Nothing but the lines from the one containing "Dachgeschoßwohnung Nesse-Apfelstädt Apfelstädt" through the last line of the data below should be returned, each exactly as it stands, pictures excluded.

=== Data ===
=====

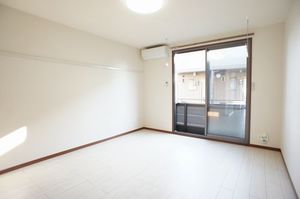 セピアコートL 103号-6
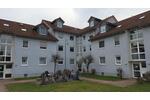 Dachgeschoßwohnung Nesse-Apfelstädt Apfelstädt - 2 Zimmer, 62 m&sup2;, 317&euro; | Angebot:26198433
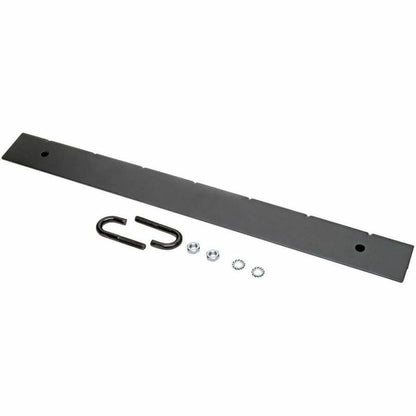 Eaton Tripp Lite Series Wall Support Kit for 18-Inch Cable Runway with Hardware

=====

=== Written solution ===
 Dachgeschoßwohnung Nesse-Apfelstädt Apfelstädt - 2 Zimmer, 62 m&sup2;, 317&euro; | Angebot:26198433
 Eaton Tripp Lite Series Wall Support Kit for 18-Inch Cable Runway with Hardware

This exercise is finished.